Strut along Delusional St
India is in danger of confusing the desire to be 'world class' with being 'world class'
There is a big difference between the desire to be something and actually being something. In the last decade and more, India has made much of its growing economic prowess, tangible for all to see. Without throwing figures to prove a point, more people have access to goods and services that were earlier available only to the rich, and fewer people are languishing in poverty in terms of a percentage of India's population. One can say that the country is on its way to making that much-awaited transition from being a developing nation to a developed one. But to confuse India as being on the cusp of gaining 'First World' status today is not only delusional but detrimental to the process of actually pulling the nation out of the old, rickety basket. What India is on September 4, 2010, is a developing country with 'First World' aspirations and toppings. The danger lies in thinking that having these neon-lit garnishes — wonderful and precious as they are — is enough to make the country another 'China', never mind America. It isn't.

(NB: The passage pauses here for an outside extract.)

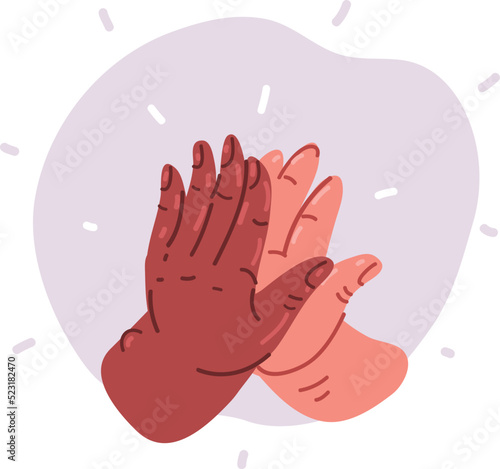 Vector illustration of Two hands giving a high five for great work. Friendship and giving a high five as a symbol of great work achievement. People team give hand slapping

Even if one sidesteps the real issue of 'Two Indias' — one inhabited by rich, visible and confident Indians, the other by the proverbial 'unwashed masses' yet to frolic in the effects of a 'trickle-down' effect — there is a woeful disconnect in the boom towns and metropolises that are showcases and posterboys of India 2010. In practical terms this is the difference between you inside your home and you stepping outside your house. This lack of 'continuity' between individual islands of comfort and the sea of 'Third World' 'Third World' dysfunctionality is not because of economic disparities or policies yet to kick in, but because of the sheer lack of statutory interest in prioritising basic infrastructure. So even if you are being driven around in your Mercedes, the roads are early 20th century. Services may have mushroomed, but the quality provided is still jugaad-centric.
By bypassing the Western trajectory of industrial-to-post-industrial societies that have a basic set of infrastructural (and, therefore, civic and social) template in place, the Indian model is a hodge potch quilt of shiny objects stitched to a rotting fabric. Basic urban phenomena like travelling from one point to another, civic amenities such as power and water, and services that range from garbage disposal to policing, remain ad hoc at best and dysfunctional by default. And all this without going into the regressive nightmares still prevalent outside the cities that most of us take to be the 'Indian way of life'. For a country increasingly self-aware of itself in the world, being delusional about becoming 'world class' is a joke that's stopped being funny or cute. It just propagates the notion that we can't tell the difference between a good life and a bearable one.